O Mal Entendido

Ela nem mesmo quis escutar o outro lado da historia. Entrou no seu carro, um Ford Escort vermelho e bateu a porta com toda a força. Ele achava que os vidros fossem se partir com o choque, mas tudo que aconteceu foram gritos abafados de lá de dentro. Toda sorte de impropérios que ele podia imaginar, mas que não podia ouvir claramente.

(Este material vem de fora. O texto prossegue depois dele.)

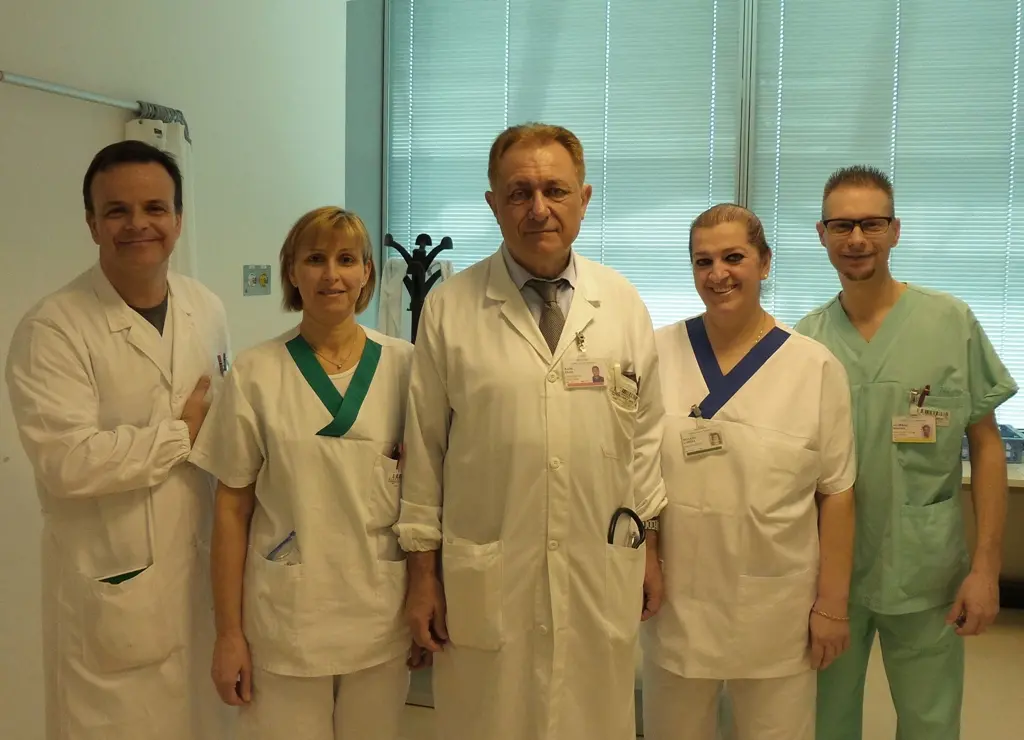 Il gruppo di lavoro di Malattie infettive coordinato dal primario Enzo Raise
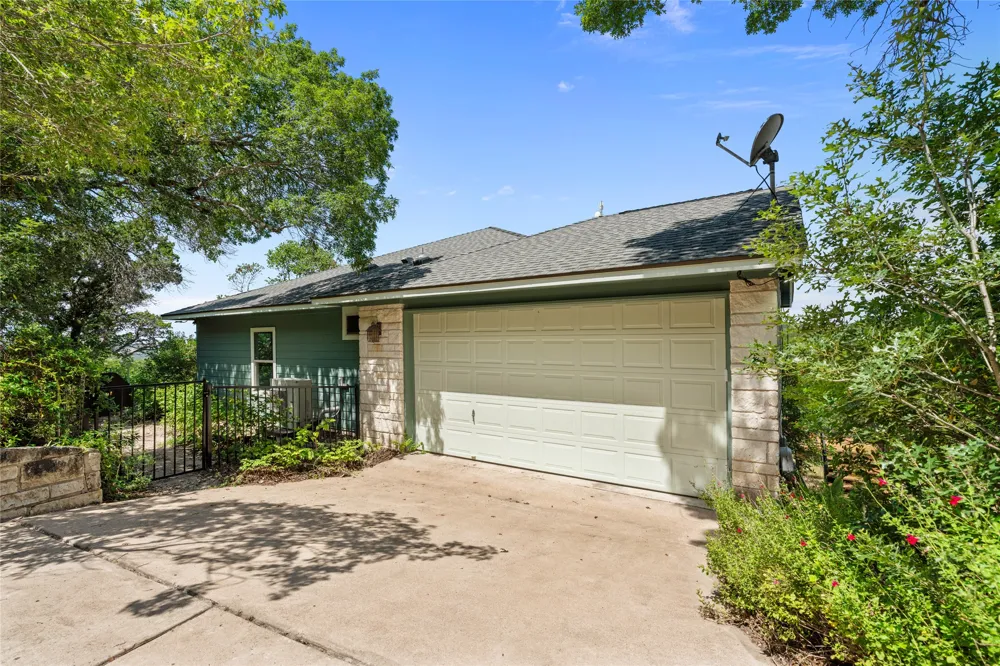 19627 Tyler Trail Jonestown, TX 78645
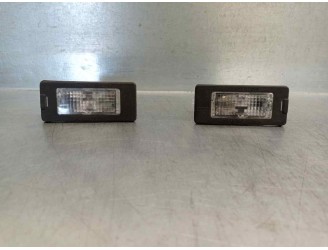 Recambio de piloto matricula para skoda fabia 1.2 tsi referencia OEM IAM 1K9943127B 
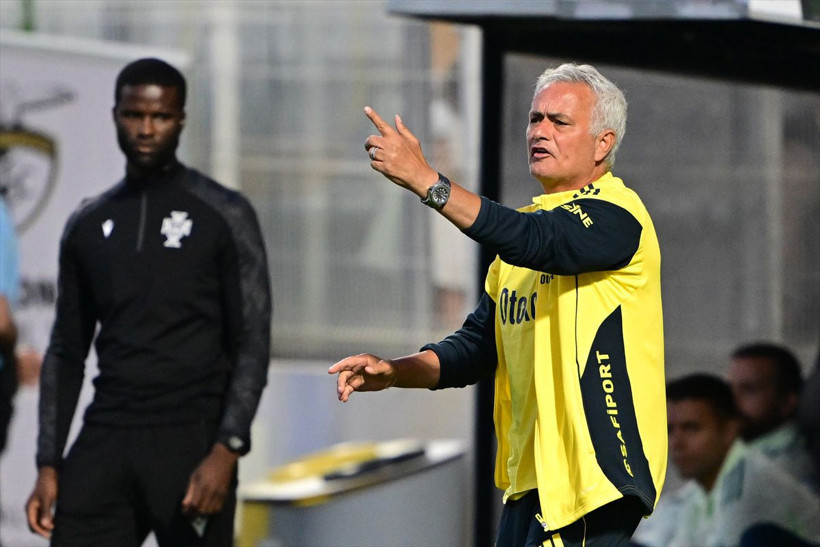 Jose Mourinho'dan olay Fenerbahçe sözleri! Taraftar ikiye bölündü: Gerçekçi olmalıyız... - Resim: 3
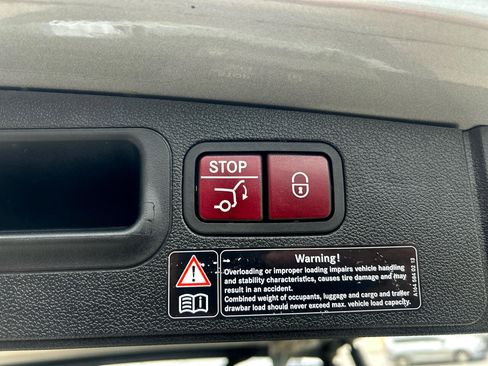 Used 2011 Mercedes-Benz GL 550 4MATIC image 15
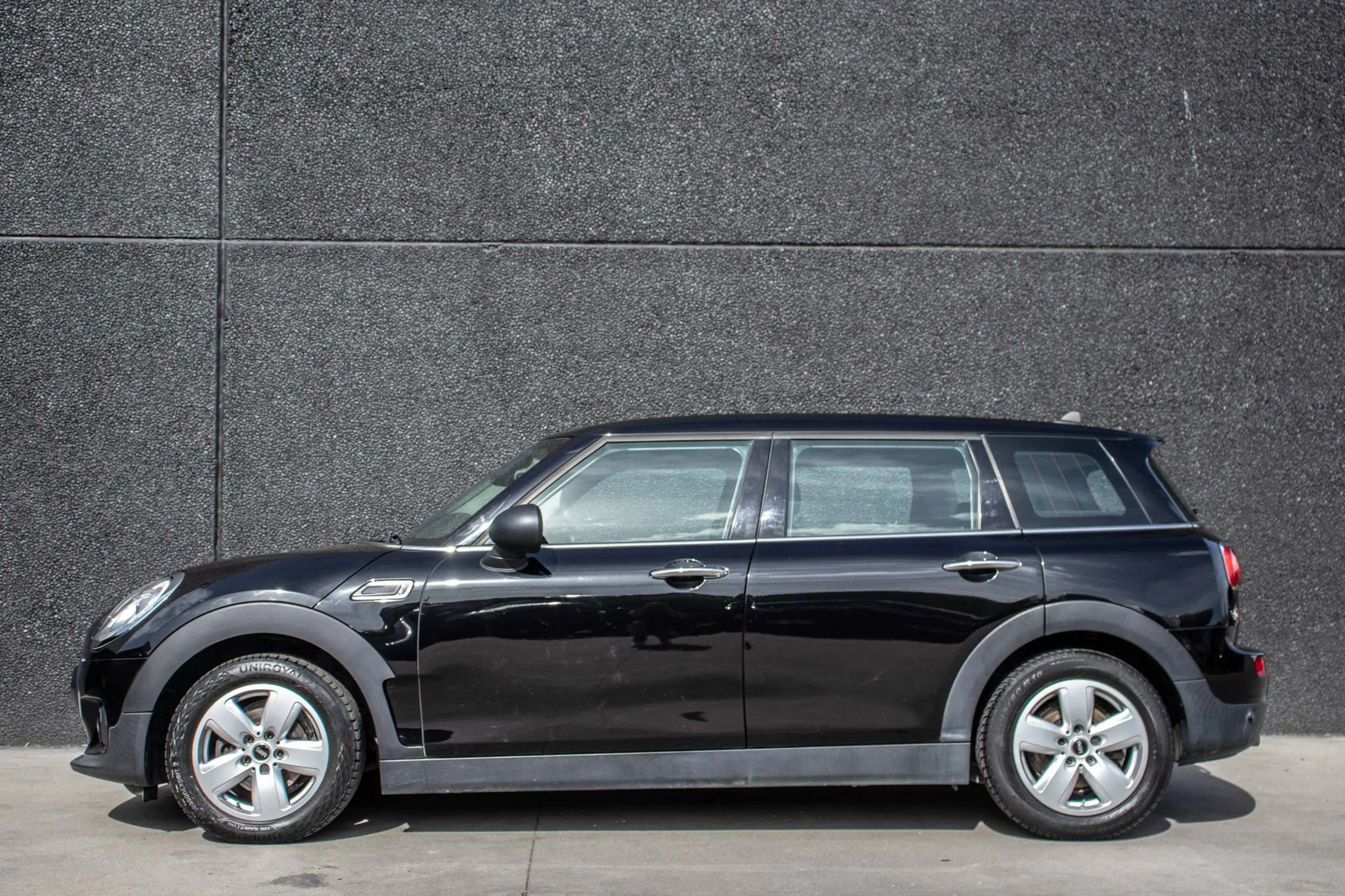 MINI One Clubman 1.5i / HISTORIEK / SPOTIFY / AIRCO / CRUISECONTROL / PARKEERSENSOREN / ISOFIX ! — photo 11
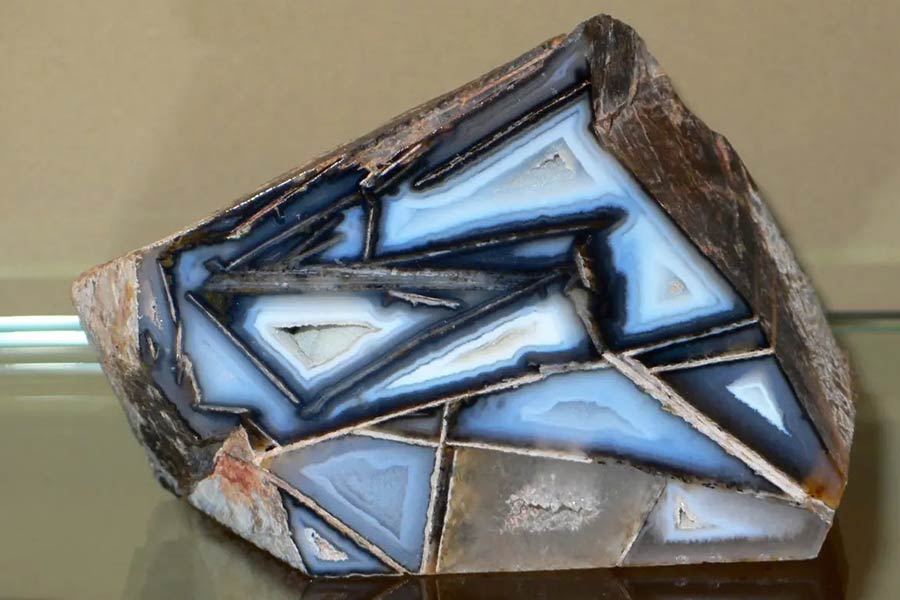 عقیق چندوجهی از پاریابا، برزیل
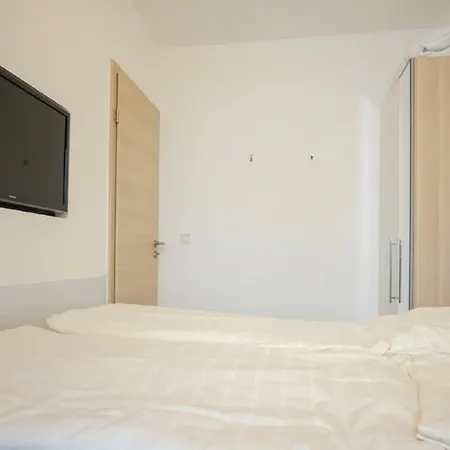 Vier Jahreszeiten Haus 6 Whg 08 *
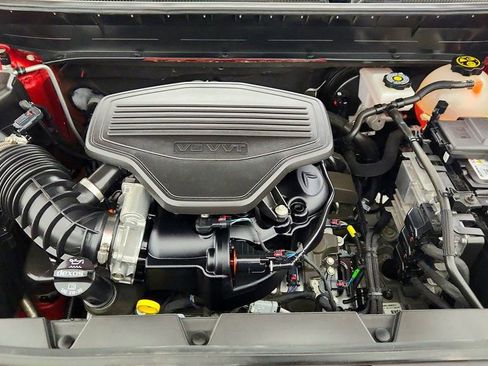 Used 2023 GMC Acadia AT4 w/ Technology Package image 29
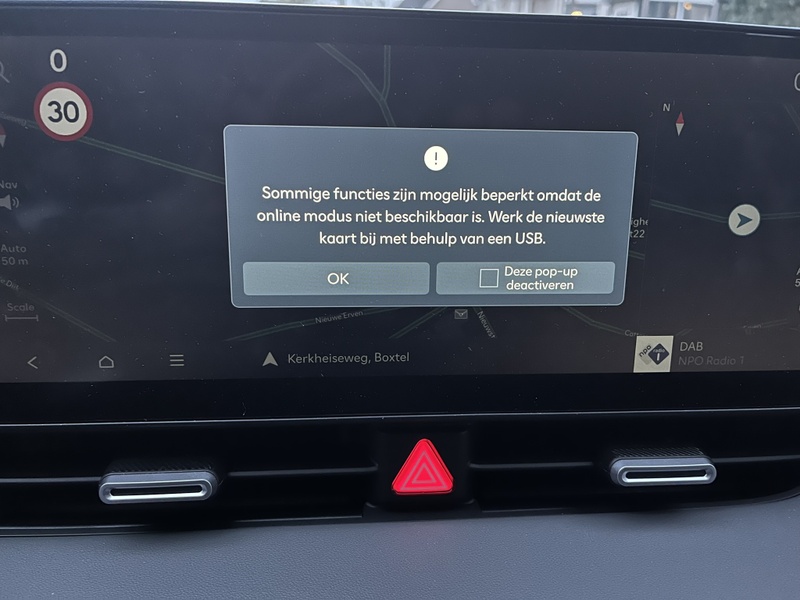 Afbeeldingslocatie: https://tweakers.net/i/CgPo6eYdijVfFmCff-F4K9-Q-Ck=/800x/filters:strip_icc():strip_exif()/f/image/dvDGH4Q1blxEgwtGe4TabJwQ.jpg?f=fotoalbum_large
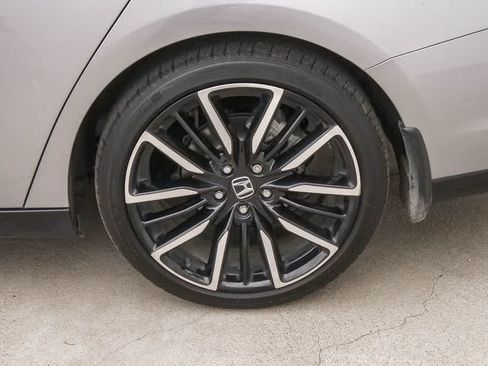 Used 2023 Honda Accord Touring image 6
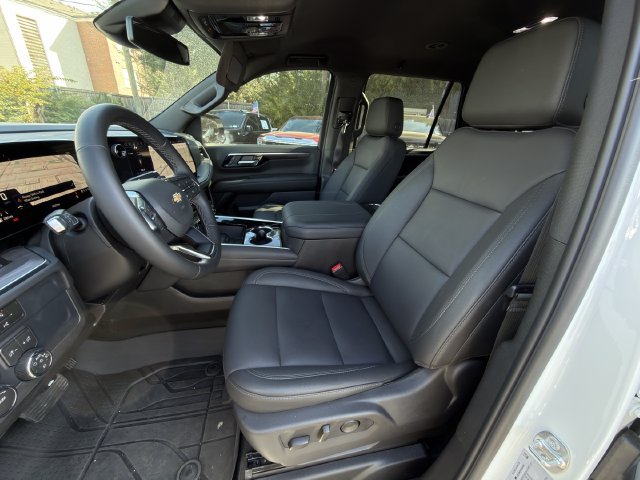 New 2026 Chevrolet Tahoe LT w/ Comfort Package RWD image 19
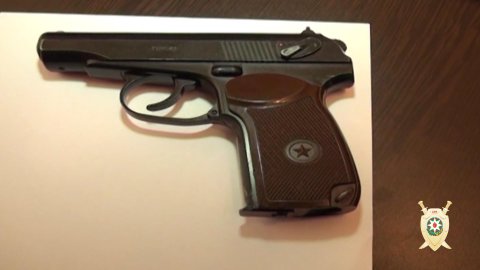 Polis iki şəxsdə avtomat və tapança aşkarlayıb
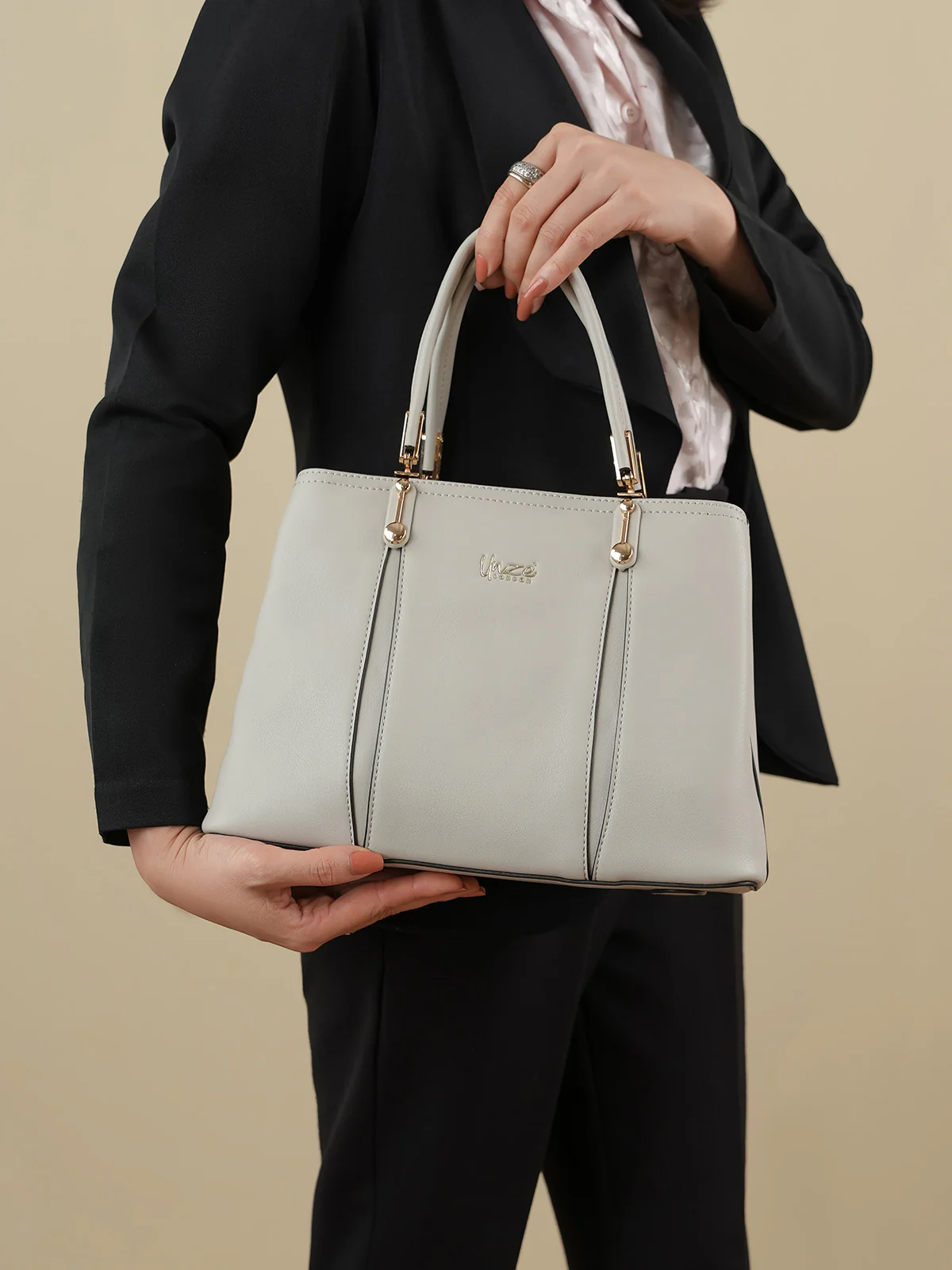 Women "FARLEY" Lightweight Handbag - Image 3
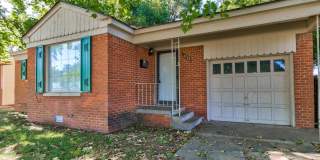 Charming 2-Bedroom Home with Spacious Backyard & Great Location Gallery 31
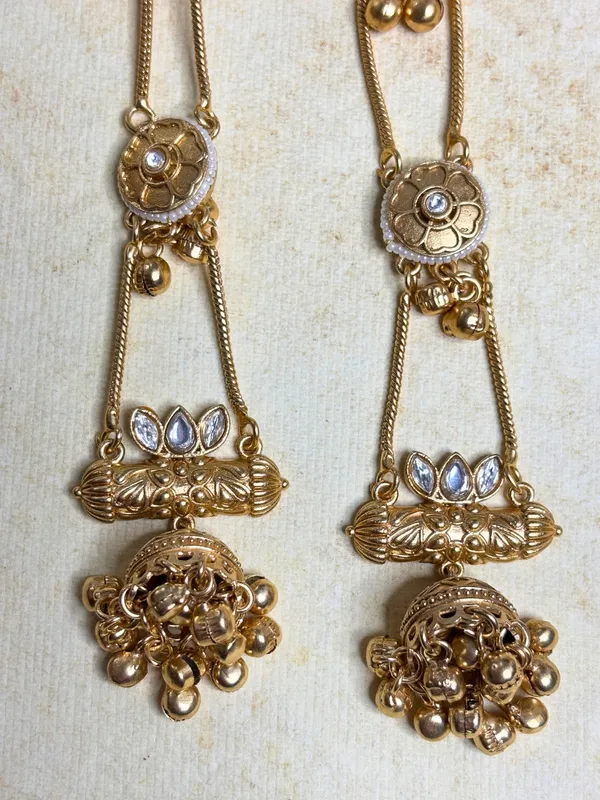 Gold-Plated_Pearl_Studded_Kundan_Long_Chain_Kashmiri_Jhumka_Earrings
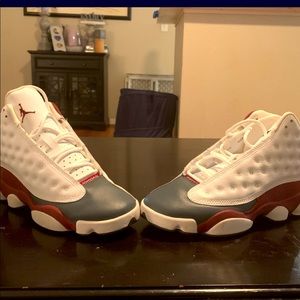 Retro Jordan 13s size 5Y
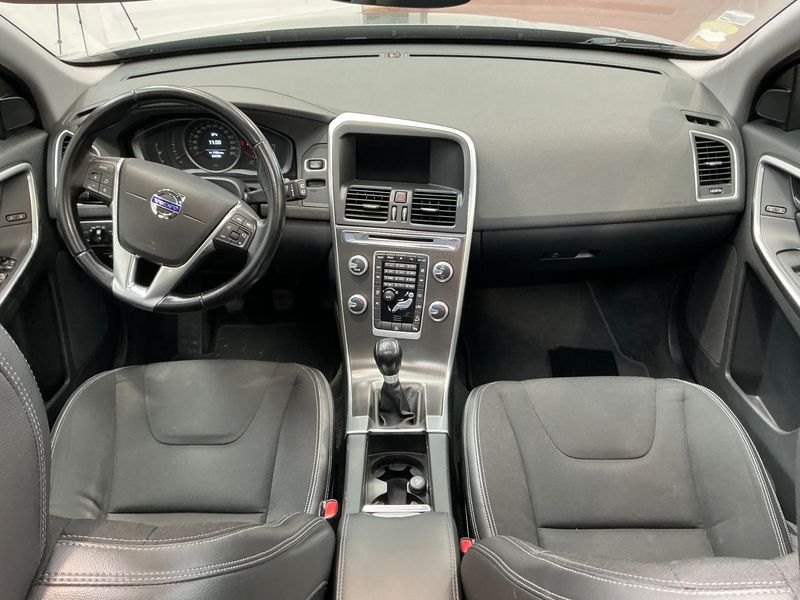 Volvo XC60 2.4 D4 Momentum AWD — zdjęcie 12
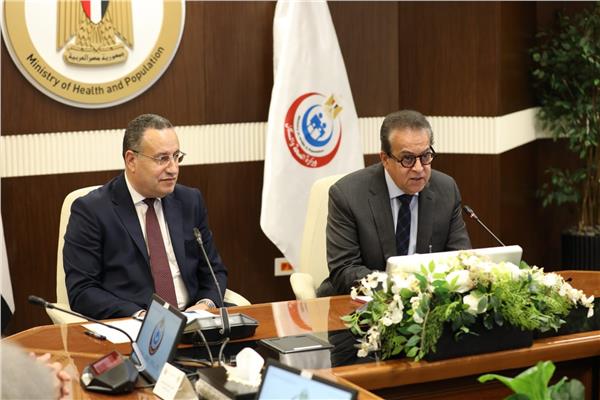 الدكتور خالد عبدالغفار وزير الصحة والسكان والدكتور عبدالعزيز قنصوة وزير التعليم العالي والبحث العلمي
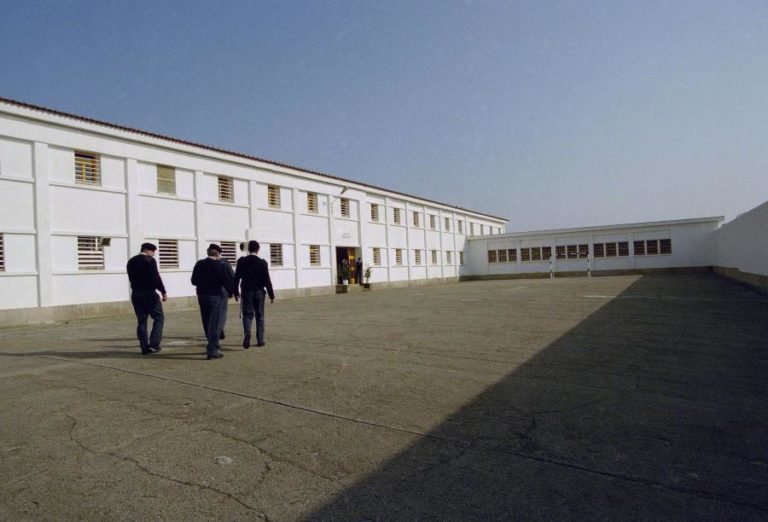 COVID-19: SEIS FUNCIONÁRIOS INFETADOS NA CADEIA DE CUSTÓIAS EM MATOSINHOS E 24 AGUARDAM TESTES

E tudo não passava de um grande mal entendido. O carro enguiçou justamente na hora que ele estava vindo para casa da faculdade. Os colegas foram ajudá-lo e enquanto ele se esgueirava por baixo do carro, alguém atendeu seu celular.
- Alô!
- Quem está falando?
- Ahn... é a Letícia.
- Letícia? Mas... este telefone é do Valmir, onde está aquele cretino?
- Calma Vânia, ele não pode atender agora porque ele está com as mãos ocupadas, ele...
- Desgraçado!

Gritou e um silêncio se fez do outro lado da linha. O carro não pegava de jeito nenhum e a cada minuto, a certeza que uma briga estaria para acontecer ficava mais forte.
Vânia o aguardava na entrada do apartamento do namorado, os braços cruzados na frente do corpo em posição de ataque, pronta para despejar sobre ele uma tonelada de estrogênio.
Primeiro foi o tapa. Um tapa estalado, sonoro, que logo se transformou em vermelhidão. Depois foram os predicados: cretino, vagabundo, canalha estúpido e desgraçado, miserável, idiota. “Canalha estúpido” deve ter sido o pior porque os vizinhos que estavam nas janelas para saber o paradeiro daquela discussão se entreolharam.
Antes que ele falasse alguma coisa (ele até agora só tentava se livrar de mais bofetões e pedia em vão que ela entrasse, falasse baixo e resolvessem tudo lá dentro) ela entrou no carro e se foi.
O telefone de Vânia tocou às duas e oito da madrugada. Era a mãe dela
- Filha, como você está?
- Mãe, aquele desgraçado do Valmir estava com outra, mãe, eu ouvi quando aquela mulher atendeu ao telefone e falou que ele estava com as mãos ocupadas e não podia atender porque estava debaixo de não sei o que. Só podia estar debaixo dela.
- Filha, acalme-se...
- Mãe, ele ta me traindo, mãe.
- Filha não é nada disso. Valmir é gente boa. Você estava na casa da Ângela, quase do outro lado da cidade; como eu sei que estava perto do horário do Valmir sair da aula e eu estava ali perto, pedi uma carona para ele, e quando estávamos a sair da faculdade o carro dele quebrou.
- Mas mãe quem é a Letícia que atendeu ao telefone?
- Filha, já se esqueceu que sua irmã se chama Letícia? Estávamos no cinema esta noite, e ela atendeu ao telefone porque ele estava debaixo do carro arrumando alguma coisa lá.
- Ai mãe, paguei o maior mico.
- É, pagou sim, o Valmir é inocente.
- Vou ligar para ele agora, boa noite mãe.
- Boa noite filha

Ele atendeu no primeiro toque. A voz no outro lado da linha agora não era intimidadora, nem apresentava nenhuma sugestão de desafio.
- Amor, me desculpa!
- Claro meu amor, eu entendo você.
- Você sabe, tem dias que eu estou com os nervos à flor da pele. É a TPM
- Não se preocupe, ta tudo bem!
- Amor eu estou ficando uma chata não estou?
- Não, quero dizer só um pouquinho.
- Amor, vem me ver.
- Então abra a porta.

Ela não conseguiu ver o rosto dele porque um enorme ramalhete de rosas o escondia. Ela na hora se perguntou mentalmente onde ele teria encontrado aquelas rosas às duas e meia da manha, mas isso não tinha importância agora.
- Vânia, você é a mulher da minha vida!
- E eu te amo! Me desculpe, como está este rosto?
- Queimando um pouco.
- Me deixa ver.
- Querida não se preocupe.
- Então vamos colocar gelo.

O sol já ia alto quando os dois acordaram. Após as caricias matinais, ele se levantou, entrou no carro e foi para casa. Tudo estava resolvido. Só precisava agora encontrar uma satisfação para dar aos vizinhos e amigos. Agora estava fácil.